Los denunciantes de 1997, Félix Alarcón Hoyos, José Barba Martín, Saúl Barrales Arellano, Alejandro Espinosa Alcalá, Arturo Jurado Guzmán, Fernando Pérez Olvera, José Antonio Pérez Olvera y Juan José Vaca Rodríguez, prosiguieron en la causa de evidenciar en distintos frentes los terribles daños ocasionados a ellos por Maciel y en noviembre enviaron una extensa carta a Juan Pablo II.
En la misiva refieren las reacciones que en la cúpula clerical católica mexicana, y particularmente entre los legionarios de Cristo, levantaron sus declaraciones señalando a Marcial Maciel como contumaz pederasta. Informan a Karol Wojtyla que se continuaba construyendo “una conspiración de silencio, de vergonzoso encubrimiento y de una nueva e injustísima victimización contra nosotros por parte de personas de la jerarquía católica romana, de funcionarios ya informados del Vaticano y de altos miembros de la Iglesia mexicana. […] Después de que en los días 14, 15, 16 y 17 de abril [de 1997] aparecieron en el diario La Jornada más detalladas revelaciones sobre [nuestro caso], el obispo ‘emérito’ Genaro Alamilla, sin conocernos de nada, sin saber si decíamos la verdad o no y sin escucharnos, nos ofendió ante los medios públicos y descalificó, sin conocimiento alguno de causa, nuestros testimonios, llamándonos mentirosos y resentidos”.
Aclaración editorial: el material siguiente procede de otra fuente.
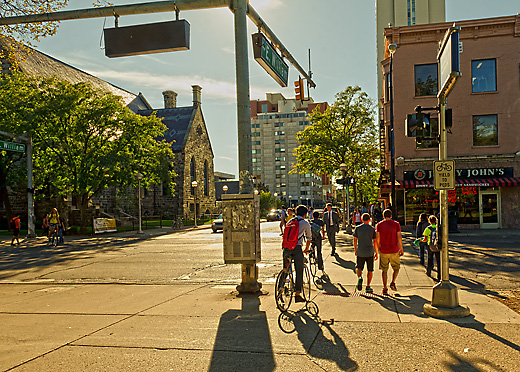 Crossing State Street at the Diag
Las siguientes líneas debieran ser bien leídas por Hugo Valdemar, vocero de la Arquidiócesis México, que en días pasados retó a quienes piden explicaciones sobre la actuación histórica en el caso Maciel del cardenal Norberto Rivera Carrera para que demuestren que el alto clérigo protegió de alguna manera a Maciel. En noviembre de 1997, los autores antes mencionados de la carta a Juan Pablo II afirmaron: “El mismo arzobispo de la ciudad de México, monseñor Norberto Rivera, nos difamó públicamente, como consta en la edición de La Jornada del 12 de mayo de 1997. […] Siendo mexicanos casi todos los ex legionarios que hicimos las revelaciones y siendo monseñor Norberto Rivera Carrera el pastor eclesial correspondiente más inmediato a la mayor parte próxima de nosotros, jamás nos convocó para poder conocer de nosotros mismos nuestra versión completa de los hechos manifestados y cuestionarla bajo cualquier procedimiento jurídico: canónico o, si procediera, del derecho positivo correspondiente. No, simplemente, y faltando a una de sus funciones de epískopos o supervisor (pues si el padre Maciel Degollado no depende de él, varios de nosotros, como fieles, sí), prefirió ofendernos ante cámaras y grabadoras y tomar partido incondicional por la parte poderosa, a la que señalamos como victimaria de nuestros cuerpos y de nuestras almas, antaño, y, ahora, de nuestro nombre y prestigio de hombres de bien”.
Su prepotencia impidió ver la turbiedad de las aguas a quienes en 1997 desdeñaron las pruebas contra Maciel. Con el tiempo las pruebas crecieron exponencialmente, y ellos continuaron con la teoría de que todo era un complot contra la Iglesia católica. Hoy el oleaje ya los alcanzó con tal fuerza que les ha despojado de sus ropajes, si no ante las instancias judiciales, sí frente a la opinión pública.